» **MATERIAL PROVIDED**
================================
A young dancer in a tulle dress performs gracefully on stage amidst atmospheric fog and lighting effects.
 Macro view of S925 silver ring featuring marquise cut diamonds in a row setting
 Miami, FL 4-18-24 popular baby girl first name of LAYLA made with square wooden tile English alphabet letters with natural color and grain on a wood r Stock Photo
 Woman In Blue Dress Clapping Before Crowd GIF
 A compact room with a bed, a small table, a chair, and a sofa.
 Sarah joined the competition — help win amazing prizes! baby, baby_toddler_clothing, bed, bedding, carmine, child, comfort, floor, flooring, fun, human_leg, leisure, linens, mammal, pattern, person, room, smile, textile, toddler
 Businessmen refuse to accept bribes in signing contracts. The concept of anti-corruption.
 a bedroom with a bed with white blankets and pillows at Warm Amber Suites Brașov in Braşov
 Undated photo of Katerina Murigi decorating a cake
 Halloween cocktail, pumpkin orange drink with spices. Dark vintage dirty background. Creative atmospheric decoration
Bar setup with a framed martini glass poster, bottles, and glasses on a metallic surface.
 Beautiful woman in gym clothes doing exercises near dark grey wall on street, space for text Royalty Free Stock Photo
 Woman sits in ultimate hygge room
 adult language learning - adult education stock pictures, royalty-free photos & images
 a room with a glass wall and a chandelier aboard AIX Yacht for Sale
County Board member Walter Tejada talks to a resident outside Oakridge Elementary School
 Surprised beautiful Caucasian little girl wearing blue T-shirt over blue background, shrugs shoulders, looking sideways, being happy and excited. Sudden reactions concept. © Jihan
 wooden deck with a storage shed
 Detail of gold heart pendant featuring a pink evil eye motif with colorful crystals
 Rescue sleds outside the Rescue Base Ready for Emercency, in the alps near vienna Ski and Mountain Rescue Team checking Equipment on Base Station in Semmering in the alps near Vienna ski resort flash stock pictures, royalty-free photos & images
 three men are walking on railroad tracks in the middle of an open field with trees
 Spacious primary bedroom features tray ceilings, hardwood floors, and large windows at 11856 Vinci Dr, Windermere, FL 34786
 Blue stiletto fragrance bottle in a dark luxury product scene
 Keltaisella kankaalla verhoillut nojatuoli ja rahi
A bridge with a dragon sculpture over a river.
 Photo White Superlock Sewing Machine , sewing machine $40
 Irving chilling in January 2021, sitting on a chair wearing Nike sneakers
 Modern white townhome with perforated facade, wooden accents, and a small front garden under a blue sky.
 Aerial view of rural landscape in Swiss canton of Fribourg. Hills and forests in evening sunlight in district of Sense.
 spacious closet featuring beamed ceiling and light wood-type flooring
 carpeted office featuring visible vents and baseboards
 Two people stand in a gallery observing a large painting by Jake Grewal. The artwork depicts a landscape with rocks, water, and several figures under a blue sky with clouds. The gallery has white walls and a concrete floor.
================================
Only lines holding the word "atmospheric" are wanted; copy each one from the listing.

» **EXERCISE OUTPUT**
A young dancer in a tulle dress performs gracefully on stage amidst atmospheric fog and lighting effects.
 Halloween cocktail, pumpkin orange drink with spices. Dark vintage dirty background. Creative atmospheric decoration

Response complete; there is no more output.